### Exercise objective
Your response should consist of the entire listing, transcribed exactly, with every image left out.

### Data excerpt
Segment Open

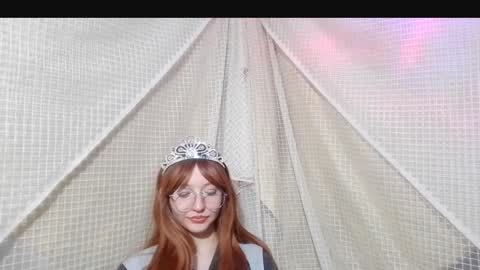 isabellablacky online show from February 5, 2025, 6:35 am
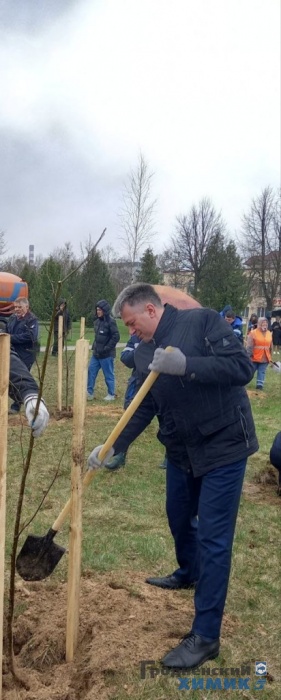 Рядом с филиалом «Завод Химволокно» обновился сквер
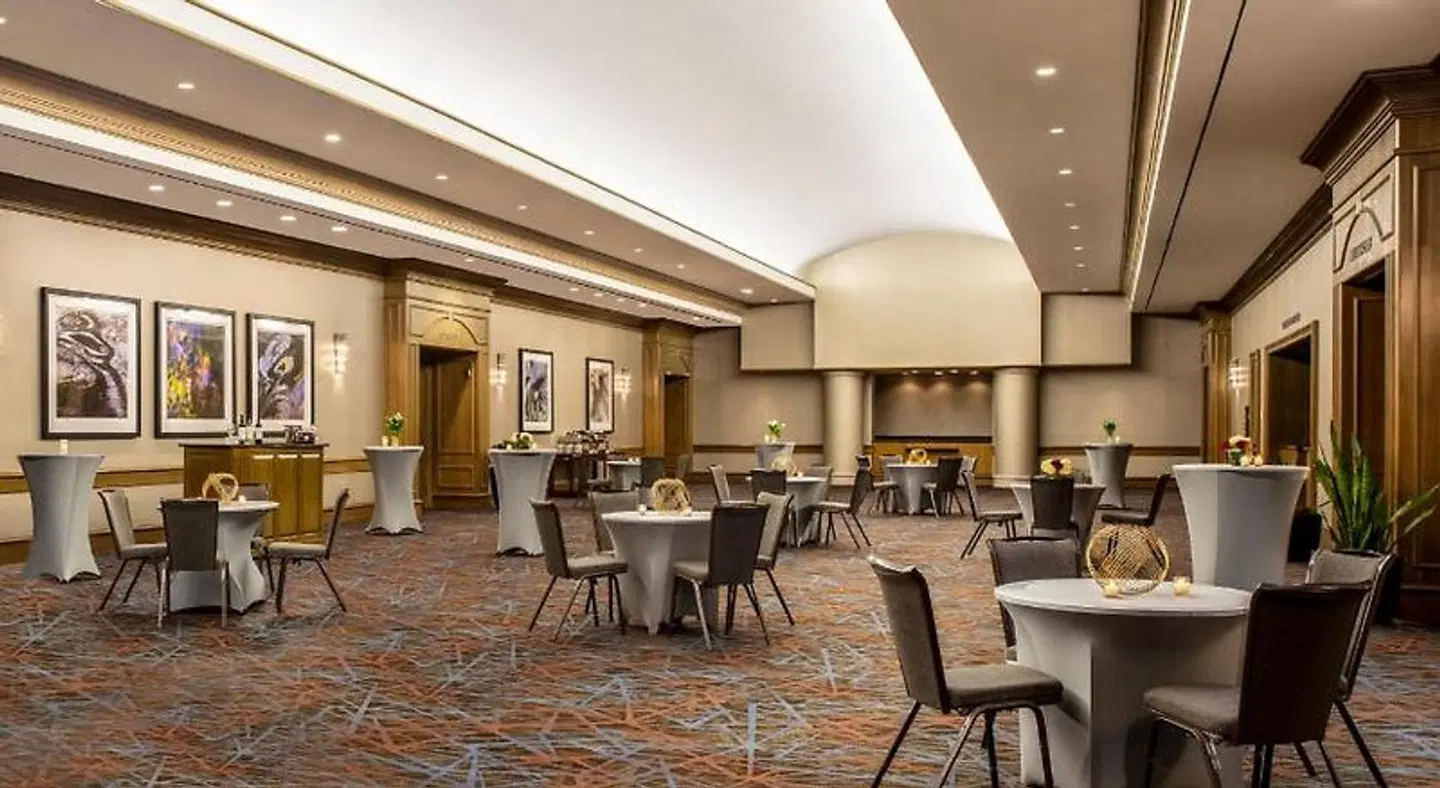 Hyatt Regency Birmingham - The Wynfrey Hotel Restaurant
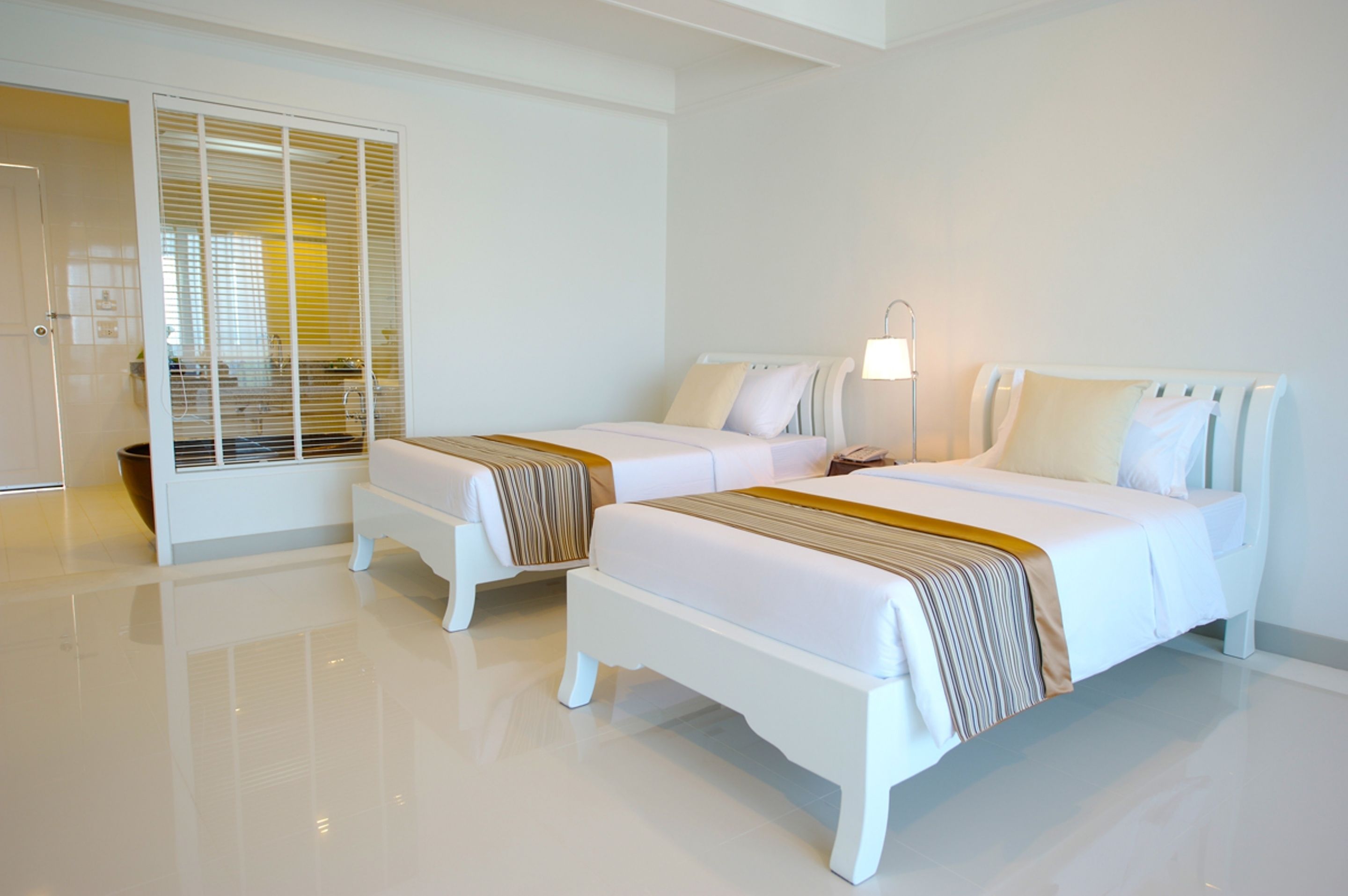 deluxe room, 1 double bed | 1 bedroom, in-room safe, desk, free wifi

Segment Closed

### Completed task
 isabellablacky online show from February 5, 2025, 6:35 am
 Рядом с филиалом «Завод Химволокно» обновился сквер
 Hyatt Regency Birmingham - The Wynfrey Hotel Restaurant
 deluxe room, 1 double bed | 1 bedroom, in-room safe, desk, free wifi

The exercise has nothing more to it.